A conference on this topic will be hosted by the Austrian Academy of Sciences June 1–2, 2023. The organizational framework for the conference is the European Academies Research Initiative of the Leopoldina in Halle/Saale.
Is there a Nazi science policy and what does it consist of? How is it practiced in the occupied countries and how do national research systems emerge in Cold-War-Europe? The goal of the conference is to provide an overview of the development of science policy in occupied and liberated Europe, ca. 1930s–1960s as a basis for comparison. The conference aims at two perspectives of comparison – between the various occupied countries in Nazi Europe and between East and West in Cold-War-Europe.

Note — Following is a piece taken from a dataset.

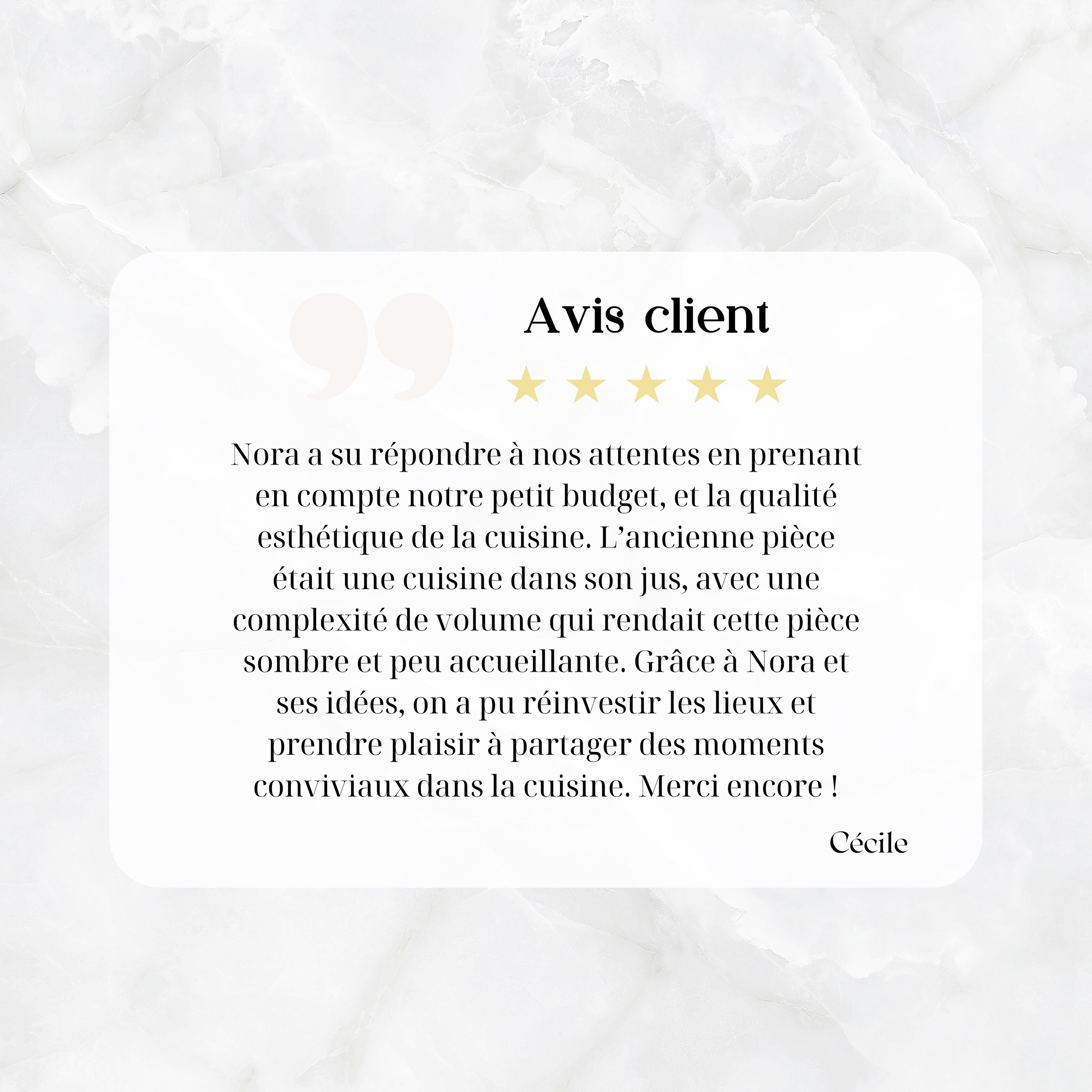 AVIS
• des mots doux qui raisonnent encore ✨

Specific questions to be negotiated in the conference are: What changed in science and research in Nazi occupied Europe, what changed after liberation in communist and western-oriented countries? To what extent did central authorities of the German Reich pursue research and university policies in and for the occupied countries, and how did German authorities and institutions interact with local actors? To what extent are there differences between territories integrated into the Third Reich and occupied territories? Did local actors set themselves research initiatives? Who determined what was researched? Which research was funded, which was not? What role did Academies of Sciences play, which other institutions were doing research in occupied Europe? How was science (re)organized and funded after liberation? Did the research system in individual countries benefit from the Cold War, and how? How did national research systems emerge in Cold-War-Europe (including both the communist and the OECD member countries)?